Met n = 1 geeft dat 5 nCr 5 = 1 mogelijkheid. Met n = 2 krijg je dan 6 nCr 5 = 6 mogelijkheden (en dus niet 7 zoals je schrijft; je telt de mogelijkheid (3,2) namelijk dubbel). Met n = 3 krijg je 7 nCr 5 = 21 mogelijkheden, en dus niet de 28 die jij vermeldt.
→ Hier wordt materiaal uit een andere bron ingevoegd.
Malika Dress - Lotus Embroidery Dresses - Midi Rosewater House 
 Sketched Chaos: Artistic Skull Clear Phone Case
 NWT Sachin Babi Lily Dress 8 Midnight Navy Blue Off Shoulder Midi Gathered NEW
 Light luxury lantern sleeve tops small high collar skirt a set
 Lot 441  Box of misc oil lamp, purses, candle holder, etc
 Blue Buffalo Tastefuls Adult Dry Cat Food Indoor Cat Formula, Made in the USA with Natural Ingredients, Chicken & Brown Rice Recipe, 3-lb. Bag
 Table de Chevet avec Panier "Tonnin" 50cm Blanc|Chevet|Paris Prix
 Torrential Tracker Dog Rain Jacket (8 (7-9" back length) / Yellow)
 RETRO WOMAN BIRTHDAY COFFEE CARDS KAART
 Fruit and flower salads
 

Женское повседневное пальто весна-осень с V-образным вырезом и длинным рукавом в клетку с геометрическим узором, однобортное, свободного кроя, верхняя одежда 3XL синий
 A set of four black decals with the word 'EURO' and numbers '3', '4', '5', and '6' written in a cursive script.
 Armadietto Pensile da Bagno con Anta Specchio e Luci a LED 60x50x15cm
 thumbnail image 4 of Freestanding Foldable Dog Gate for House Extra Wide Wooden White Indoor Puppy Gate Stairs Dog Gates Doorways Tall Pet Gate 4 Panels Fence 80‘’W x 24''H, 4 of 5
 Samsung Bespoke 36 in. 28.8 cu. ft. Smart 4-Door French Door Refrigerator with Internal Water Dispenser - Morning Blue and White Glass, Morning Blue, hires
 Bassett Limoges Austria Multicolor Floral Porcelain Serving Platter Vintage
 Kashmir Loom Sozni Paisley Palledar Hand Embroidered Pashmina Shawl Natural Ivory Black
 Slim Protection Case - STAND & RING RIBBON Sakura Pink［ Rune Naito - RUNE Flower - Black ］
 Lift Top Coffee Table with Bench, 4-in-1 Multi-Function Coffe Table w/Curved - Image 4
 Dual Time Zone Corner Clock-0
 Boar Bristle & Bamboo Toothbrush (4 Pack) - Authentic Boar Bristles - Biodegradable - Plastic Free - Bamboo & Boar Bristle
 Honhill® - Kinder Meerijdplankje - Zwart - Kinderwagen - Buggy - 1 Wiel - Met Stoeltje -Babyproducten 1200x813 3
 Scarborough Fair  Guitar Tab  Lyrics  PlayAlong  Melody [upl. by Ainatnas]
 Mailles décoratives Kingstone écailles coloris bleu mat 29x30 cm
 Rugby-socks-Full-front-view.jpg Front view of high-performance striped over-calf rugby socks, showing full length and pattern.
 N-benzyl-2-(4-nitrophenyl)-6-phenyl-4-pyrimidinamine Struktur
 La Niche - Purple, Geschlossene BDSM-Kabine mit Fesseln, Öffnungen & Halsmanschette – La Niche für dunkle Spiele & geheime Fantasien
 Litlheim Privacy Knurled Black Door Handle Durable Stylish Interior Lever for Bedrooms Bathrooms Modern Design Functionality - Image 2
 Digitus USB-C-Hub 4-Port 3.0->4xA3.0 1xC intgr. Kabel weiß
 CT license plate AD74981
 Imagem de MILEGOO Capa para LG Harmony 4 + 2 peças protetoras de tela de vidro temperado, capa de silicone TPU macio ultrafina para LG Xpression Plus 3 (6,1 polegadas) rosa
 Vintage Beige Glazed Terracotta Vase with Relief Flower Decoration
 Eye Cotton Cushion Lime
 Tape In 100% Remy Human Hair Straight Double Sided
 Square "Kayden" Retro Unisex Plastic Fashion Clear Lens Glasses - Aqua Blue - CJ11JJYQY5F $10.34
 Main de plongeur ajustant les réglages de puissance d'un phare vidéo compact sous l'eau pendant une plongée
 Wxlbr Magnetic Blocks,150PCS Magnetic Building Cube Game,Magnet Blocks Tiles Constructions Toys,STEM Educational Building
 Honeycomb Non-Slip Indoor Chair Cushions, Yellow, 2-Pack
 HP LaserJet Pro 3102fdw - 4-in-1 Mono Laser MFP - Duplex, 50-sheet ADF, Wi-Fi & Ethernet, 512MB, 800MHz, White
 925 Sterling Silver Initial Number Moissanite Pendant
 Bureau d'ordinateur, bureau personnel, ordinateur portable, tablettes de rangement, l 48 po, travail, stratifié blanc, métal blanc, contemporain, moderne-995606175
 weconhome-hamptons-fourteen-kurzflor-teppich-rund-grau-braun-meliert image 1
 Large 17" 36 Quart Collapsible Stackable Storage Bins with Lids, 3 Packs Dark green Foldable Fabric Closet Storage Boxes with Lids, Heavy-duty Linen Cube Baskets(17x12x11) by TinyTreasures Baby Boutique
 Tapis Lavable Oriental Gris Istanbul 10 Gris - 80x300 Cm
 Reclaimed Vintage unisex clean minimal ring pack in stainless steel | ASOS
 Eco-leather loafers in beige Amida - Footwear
Misschien weer een paar dubbel geteld, want het valt niet mee om bij dit soort problemen het overzicht te houden.
Een specifieke naam voor dit type vraagstuk is mij niet bekend; men noemt het meestal "occupancy-problems" of in goed Nederlands "bezettingsproblemen". Ook hoor je wel over "het postbodeprobleem" spreken, want als je de ballen door brieven vervangt, dan komt het er op neer op hoeveel manieren een slechte postbode de brieven in de bus kan gooien zonder te kijken naar de naam.